La Suisse face à un défi: pour moderniser le parc immobilier et les infrastructures, les propriétaires privés et les entreprises doivent investir. Mais pour construire, il faut une sécurité de planification et des moyens financiers. En tant que président de la SSE, l’association faîtière de la construction, je soutiens les conditions-cadres qui permettent aux maîtres d’ouvrage privés, aux PME ainsi et aux propriétaires d’investir dans l’avenir. Dans la rénovation énergétique, dans le logement, dans l’immobilier commercial. C’est là que réside le danger.
Les hypothèques plus chères, les investissements plus difficiles
L’augmentation prévue des exigences en matière de fonds propres pour les banques, proposée actuellement par le Conseil fédéral, pourrait avoir des conséquences négatives considérables, bien au-delà du monde financier. Le marché hypothécaire serait particulièrement touché. Et partant, les personnes et les entreprises qui souhaitent construire ou moderniser un bien.
Premier prêteur hypothécaire de Suisse, UBS gère des hypothèques pour un montant d’environ 280 milliards de francs, soit un quart du marché total. Si elle est contrainte de détenir beaucoup plus de fonds propres, ses coûts de capital augmenteront. Et cela ne restera pas sans conséquences: comme dans tous les secteurs, ces coûts seront répercutés sur la clientèle.

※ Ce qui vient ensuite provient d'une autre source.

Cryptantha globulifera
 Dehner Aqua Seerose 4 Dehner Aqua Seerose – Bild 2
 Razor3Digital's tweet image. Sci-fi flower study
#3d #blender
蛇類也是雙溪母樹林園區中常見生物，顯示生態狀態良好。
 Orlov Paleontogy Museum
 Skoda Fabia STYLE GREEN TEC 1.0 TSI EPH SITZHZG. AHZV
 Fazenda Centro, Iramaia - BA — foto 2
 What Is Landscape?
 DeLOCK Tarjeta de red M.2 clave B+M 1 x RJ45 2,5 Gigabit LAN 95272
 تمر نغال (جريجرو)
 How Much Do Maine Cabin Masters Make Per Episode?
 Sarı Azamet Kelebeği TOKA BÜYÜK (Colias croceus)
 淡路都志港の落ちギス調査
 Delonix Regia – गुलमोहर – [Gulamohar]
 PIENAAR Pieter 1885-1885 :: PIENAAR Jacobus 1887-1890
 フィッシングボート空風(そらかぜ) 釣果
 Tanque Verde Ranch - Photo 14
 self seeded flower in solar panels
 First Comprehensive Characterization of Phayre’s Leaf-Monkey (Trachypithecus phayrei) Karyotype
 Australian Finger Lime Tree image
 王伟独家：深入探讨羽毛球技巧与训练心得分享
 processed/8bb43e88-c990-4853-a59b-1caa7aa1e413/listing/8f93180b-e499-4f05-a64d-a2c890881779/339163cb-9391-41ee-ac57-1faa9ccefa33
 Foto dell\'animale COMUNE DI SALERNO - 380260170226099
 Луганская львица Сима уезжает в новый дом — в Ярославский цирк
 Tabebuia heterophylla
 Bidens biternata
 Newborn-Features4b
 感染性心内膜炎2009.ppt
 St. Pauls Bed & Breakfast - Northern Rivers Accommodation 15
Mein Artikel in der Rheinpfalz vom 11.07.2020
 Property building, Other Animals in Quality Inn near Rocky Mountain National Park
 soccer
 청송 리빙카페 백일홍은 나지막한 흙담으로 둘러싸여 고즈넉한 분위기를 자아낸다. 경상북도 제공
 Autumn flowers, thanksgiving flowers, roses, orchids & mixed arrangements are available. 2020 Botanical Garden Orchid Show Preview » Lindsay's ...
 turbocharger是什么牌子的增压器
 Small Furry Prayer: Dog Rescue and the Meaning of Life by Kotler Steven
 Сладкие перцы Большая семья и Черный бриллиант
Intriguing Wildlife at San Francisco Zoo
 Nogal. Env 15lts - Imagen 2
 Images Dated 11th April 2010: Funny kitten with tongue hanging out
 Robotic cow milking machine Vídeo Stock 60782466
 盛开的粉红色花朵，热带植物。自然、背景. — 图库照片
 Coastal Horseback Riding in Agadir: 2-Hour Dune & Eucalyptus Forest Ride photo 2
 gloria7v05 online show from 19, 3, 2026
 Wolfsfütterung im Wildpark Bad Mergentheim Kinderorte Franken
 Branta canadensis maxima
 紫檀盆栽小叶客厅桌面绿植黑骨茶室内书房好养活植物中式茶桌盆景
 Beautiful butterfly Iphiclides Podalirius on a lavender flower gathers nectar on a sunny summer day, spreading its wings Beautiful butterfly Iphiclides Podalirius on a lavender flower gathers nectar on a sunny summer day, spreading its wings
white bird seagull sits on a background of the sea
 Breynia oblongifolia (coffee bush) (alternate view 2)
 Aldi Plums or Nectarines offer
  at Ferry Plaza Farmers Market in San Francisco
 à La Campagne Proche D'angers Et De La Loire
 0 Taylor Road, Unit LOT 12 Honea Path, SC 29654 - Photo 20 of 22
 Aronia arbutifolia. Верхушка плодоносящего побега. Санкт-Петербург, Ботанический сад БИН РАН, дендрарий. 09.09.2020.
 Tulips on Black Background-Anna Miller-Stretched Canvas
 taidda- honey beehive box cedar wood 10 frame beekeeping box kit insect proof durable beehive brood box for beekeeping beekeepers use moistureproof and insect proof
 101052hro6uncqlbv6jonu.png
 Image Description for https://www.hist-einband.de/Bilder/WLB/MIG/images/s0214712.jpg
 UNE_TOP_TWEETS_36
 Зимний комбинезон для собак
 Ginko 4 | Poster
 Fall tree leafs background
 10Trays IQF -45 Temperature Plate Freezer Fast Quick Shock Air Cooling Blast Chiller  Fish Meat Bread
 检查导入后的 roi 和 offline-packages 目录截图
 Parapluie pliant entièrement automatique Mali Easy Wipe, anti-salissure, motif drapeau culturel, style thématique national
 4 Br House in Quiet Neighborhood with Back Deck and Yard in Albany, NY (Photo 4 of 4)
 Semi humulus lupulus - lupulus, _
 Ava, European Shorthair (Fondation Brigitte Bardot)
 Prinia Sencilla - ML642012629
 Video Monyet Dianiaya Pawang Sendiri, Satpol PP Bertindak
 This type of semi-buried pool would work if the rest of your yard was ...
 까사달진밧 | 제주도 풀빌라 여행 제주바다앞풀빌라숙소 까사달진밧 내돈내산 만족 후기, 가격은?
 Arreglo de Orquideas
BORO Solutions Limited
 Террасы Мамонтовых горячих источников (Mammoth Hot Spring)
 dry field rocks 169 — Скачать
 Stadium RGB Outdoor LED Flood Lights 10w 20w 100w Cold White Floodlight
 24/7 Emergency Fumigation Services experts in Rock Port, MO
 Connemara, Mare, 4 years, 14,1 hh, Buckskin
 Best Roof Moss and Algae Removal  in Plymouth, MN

Pas d’initiatives isolées au détriment de la compétitivité
Les hypothèques deviendraient plus chères et les crédits moins faciles à obtenir. Le logement est rare et la Suisse a introduit début 2025 les exigences internationales de la réforme dite «Bâle III Final» – plus rapidement que de nombreux autres pays. Mais viser désormais un renforcement supplémentaire au-delà du niveau exigé au niveau international va trop loin. Cela affaiblit notre compétitivité et se répercute sur le marché hypothécaire.
Les PME et les petites banques sont aussi sous pression
En imposant des exigences excessives aux banques, nous augmentons le risque qu’un investisseur étranger profite d’une crise pour faire une bonne affaire. Si une grande banque suisse était rachetée par un groupe étranger – en cas d’affaiblissement –, un bénéfice d’environ 30 milliards de francs serait envisageable. Cet argent partirait à l’étranger. Et la banque ne serait plus suisse. Un scénario que nous devons éviter. Les petites banques, auxquelles de nombreuses PME et maîtres d’ouvrage font appel pour leurs financements, seraient aussi touchées. Leurs possibilités d’octroi de crédits sont de toute façon limitées par les exigences en matière de bilan et les prescriptions de liquidités. Si les hypothèques devenaient plus difficiles ou plus coûteuses chez UBS et que les clients se tournaient en masse vers les banques régionales, les coûts de financement augmenteraient dans ces dernières, ce qui détériorerait les conditions de crédit. Or nous en ressentons déjà les effets aujourd’hui: la croissance du crédit en Suisse ralentit. La pression sur le logement est énorme et le parc immobilier a un besoin urgent de rénovation, c’est extrêmement dangereux.
La Suisse n’est pas un pays d’extrêmes. Notre succès repose sur des solutions appropriées, le pragmatisme et une vision à long terme. Les exigences proposées par le Conseil fédéral sont contre-productives dans la pratique. Une analyse du marché hypothécaire le montre clairement: personne ne profite d’un nouveau durcissement. Au contraire, les propriétaires devraient payer plus cher leurs hypothèques et les investissements dans des logements dont le besoin se fait urgemment sentir seraient freinés. Cela aggraverait encore la pénurie de logements. Un mauvais service rendu à la population et à l’économie. De telles conséquences ne devraient guère rencontrer l’adhésion en Suisse.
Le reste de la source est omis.